== TASK INPUT
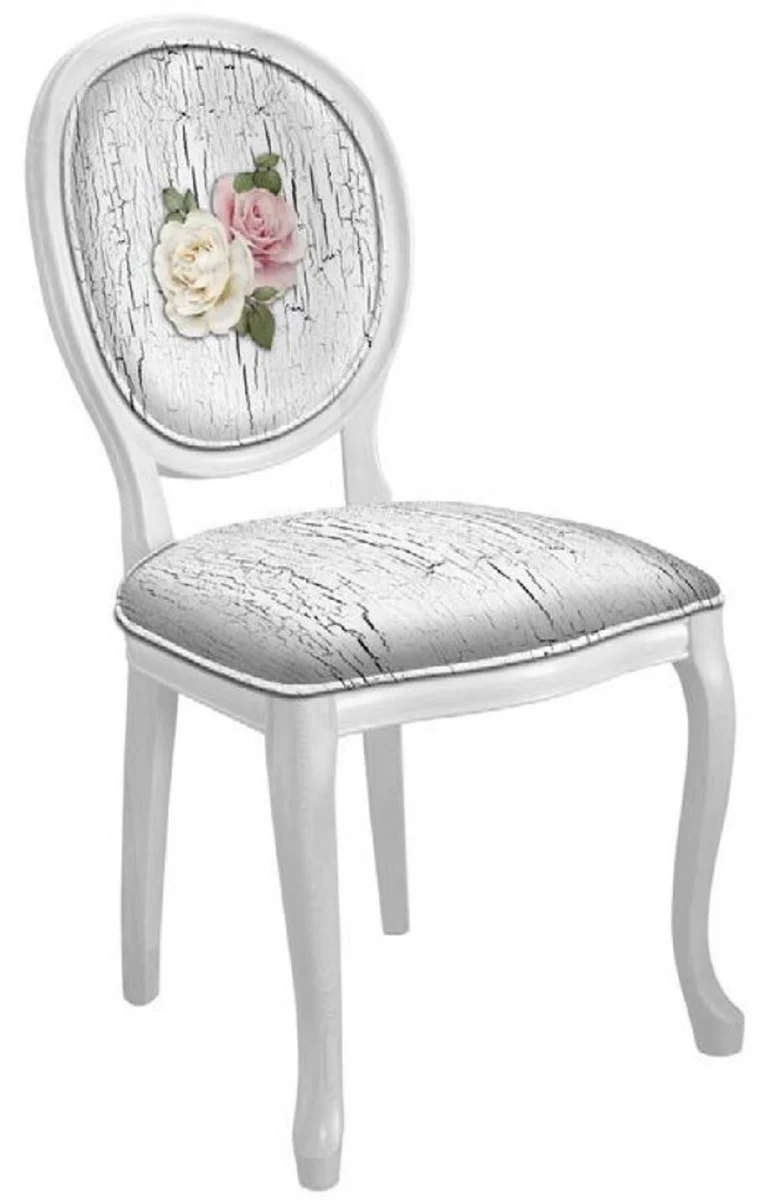 Baroque Dining Room Chair Set Roses Antique White / Multicolored / White - 6 Handmade Kitchen Chairs in Baroque Style - Baroque Dining Room Furniture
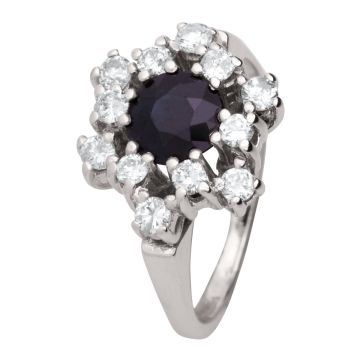 Vintage Weißgoldring mit Saphir und 12 Brillanten – 0,50ct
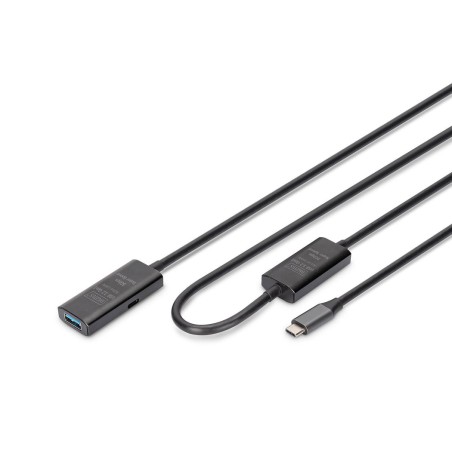 Digitus active usb 3.2 gen1 5g extension cable, usb-c - usb-a, 10 m, black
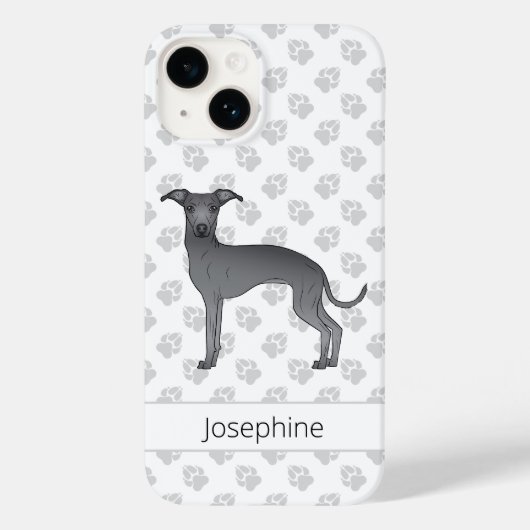 ブルーグイタリアンレイハウンドかわいい犬と名前をカスタムする Case-Mate iPhoneケース (裏面)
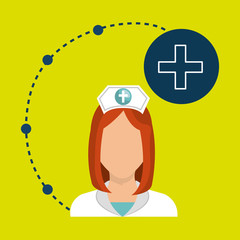 woman medical staff service vector illustration design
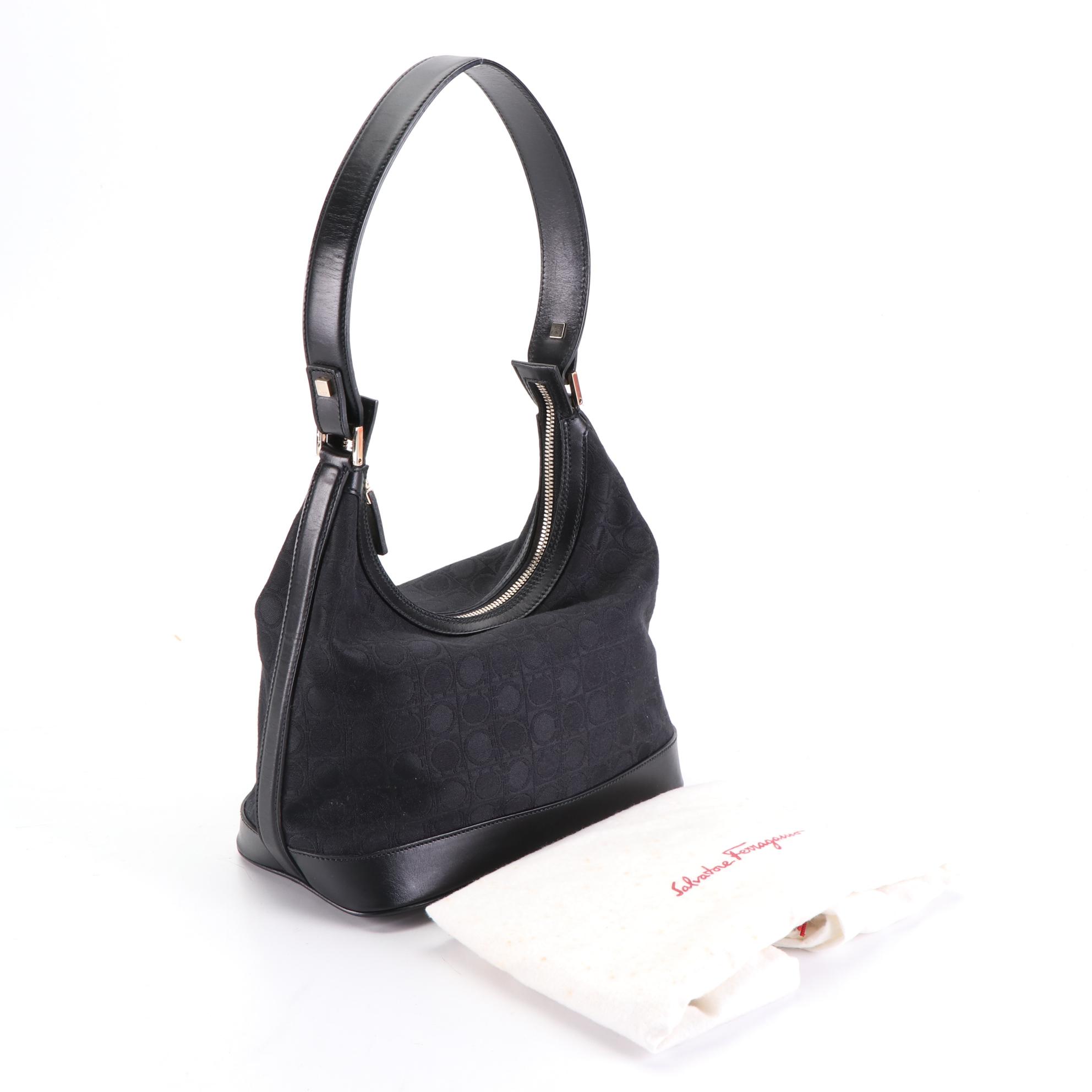 Salvatore Ferragamo Small Shoulder Bag in Black Jacquard Canvas and Leather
====
## [WHAT TO PRODUCE]
Your reply should consist only of the lines running from the line with "ブルーグイタリアンレイハウンドかわいい犬と名前をカスタムする Case-Mate iPhoneケース" to the end of the entries, both included, copied exactly and without any pictures.

## [OUTPUT BELOW]
 ブルーグイタリアンレイハウンドかわいい犬と名前をカスタムする Case-Mate iPhoneケース (裏面)
 woman medical staff service vector illustration design
 Salvatore Ferragamo Small Shoulder Bag in Black Jacquard Canvas and Leather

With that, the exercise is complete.